What needs to be done.
Return the following data exactly, with all pictures left out.

Material provided.
>>>

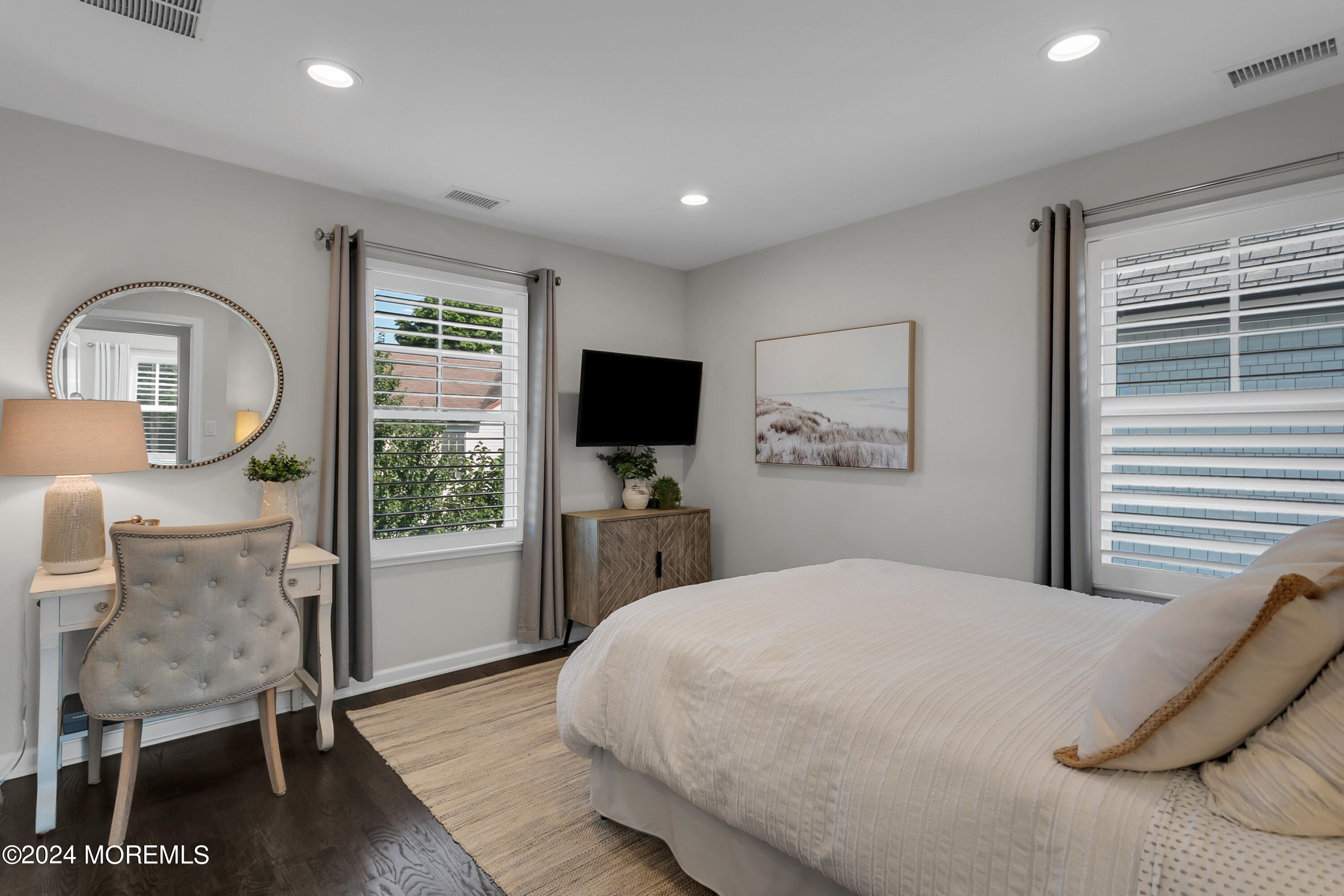 27 Center Street Rumson, NJ 07760 - Photo 34 of 57 Upper Bedroom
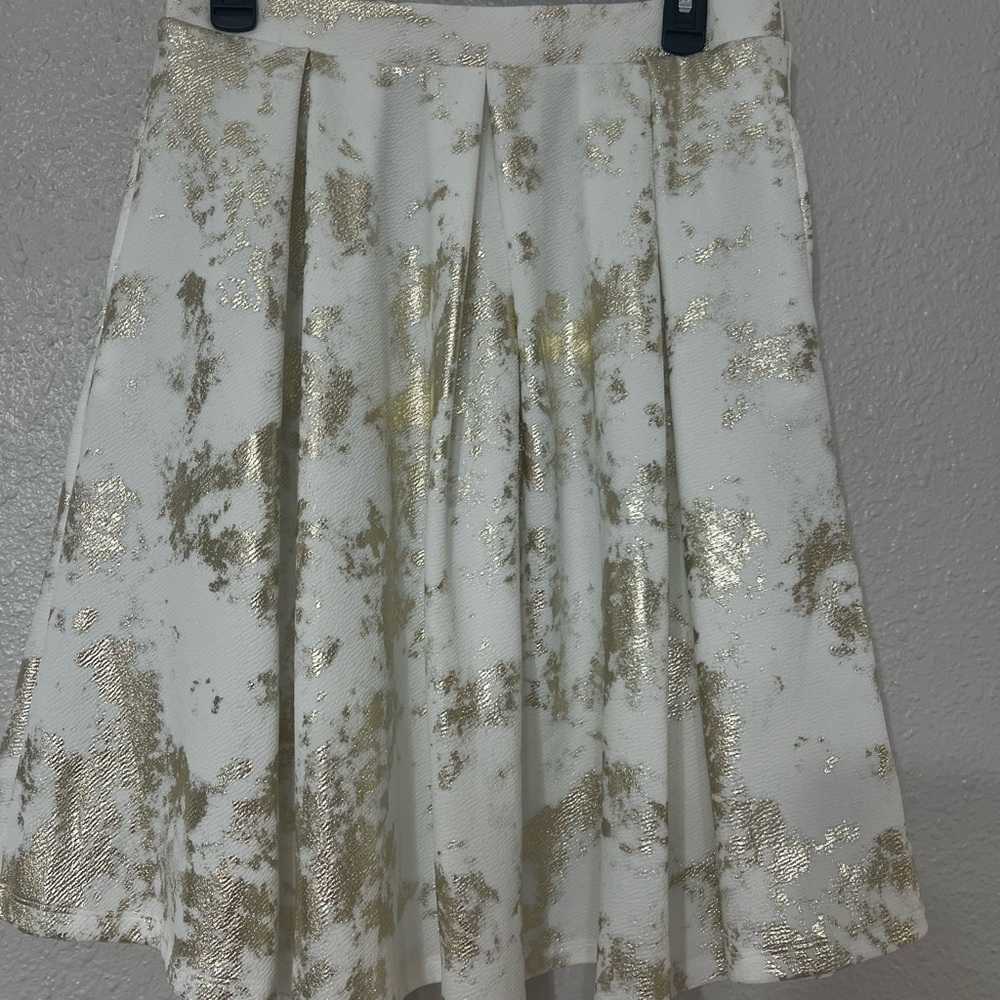 LuLaRoe White and Gold A-Line Skirt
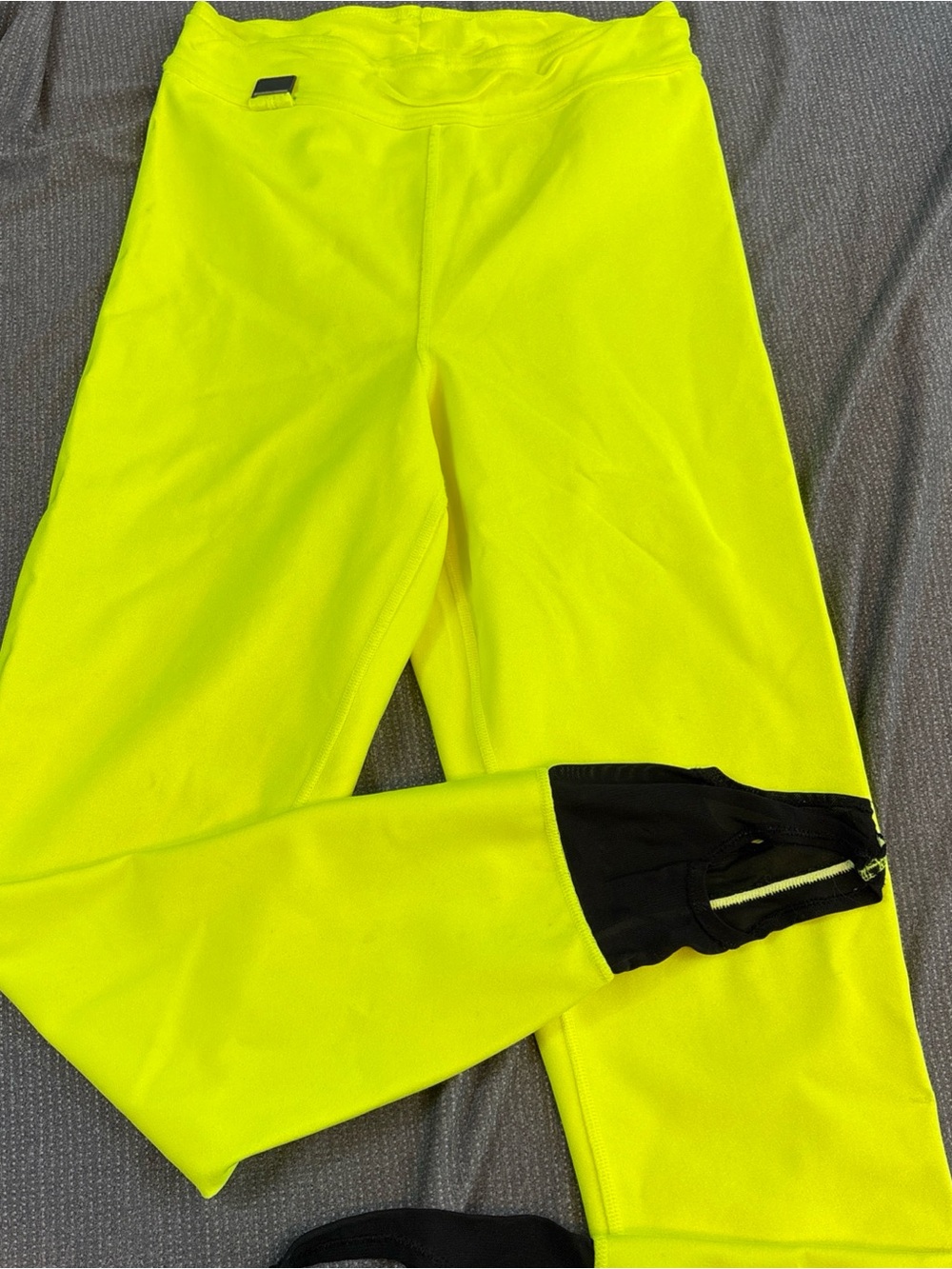 Vintage White Stag Neon Yellow stirrup ski pants size 6 made in USA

<<<

Answer to the exercise.
 27 Center Street Rumson, NJ 07760 - Photo 34 of 57 Upper Bedroom
 LuLaRoe White and Gold A-Line Skirt
 Vintage White Stag Neon Yellow stirrup ski pants size 6 made in USA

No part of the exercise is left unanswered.